Campbell's country gospel songs tended to be pretty straightforward, but this, the title track from a 1973 album of Christian music, is enjoyably bizarre. It's an answer song to "Jesus Christ Superstar," written by Neal Hefti, who is probably most famous for writing the Batman theme. The song is raucous, sounding written for a rock opera, including an incredibly perky, ever-present rock gospel chorus. The theme of the song is simple, a Christian version of the classic hipster complaint about liking a band before they went mainstream.

"Bonaparte's Retreat," 1974

One of Campbell's most surprising covers, "Bonaparte's Retreat" is a song by cowboy singer Pee Wee King but first recorded as a solid swing number by Kay Starr in 1950. Campbell seems determined to reclaim it as a country song, and it starts solidly country, with a bouncy bass, Cajun melody and solo guitar that sounds inspired by the lap steel solos in Western Swing. However, the song, about two lovers dancing, quickly goes off the rails, with bagpipe solos, and later a fiddle and bagpipe duet.

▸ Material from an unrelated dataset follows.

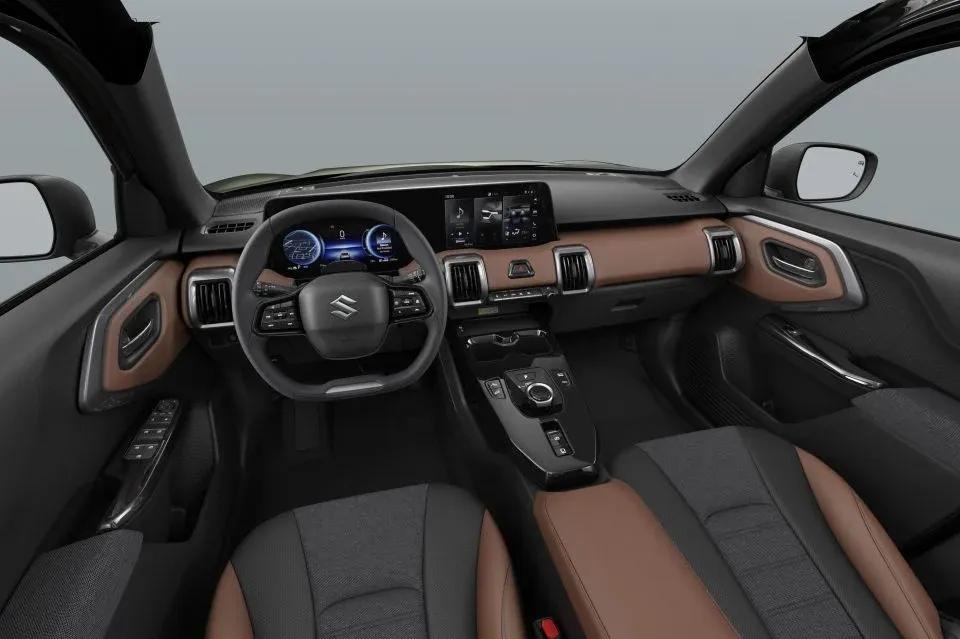 suzuki e vitara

By the end of the song the bagpipes have taken over the song, and it has stopped being a country song, but become a bagpipe song, and why?

"Southern Nights," 1977

This title track from a 1977 album sometimes winds up on lists of country disco songs. It's not that, precisely, but it does sound like something that would send white people onto the dance floor in the South California beachside discotheque. Campbell's production, backed by ragtime banjo and nightclub female vocals, sounds a bit like country music by way of Paul Williams. In fact, its a remake of a song by the superb New Orleans R&B singer/songwriter Allen Toussaint, and the original manages to have an absolutely identical melody but a psychedelic production that makes it sound like a pop song transmitted from Venus.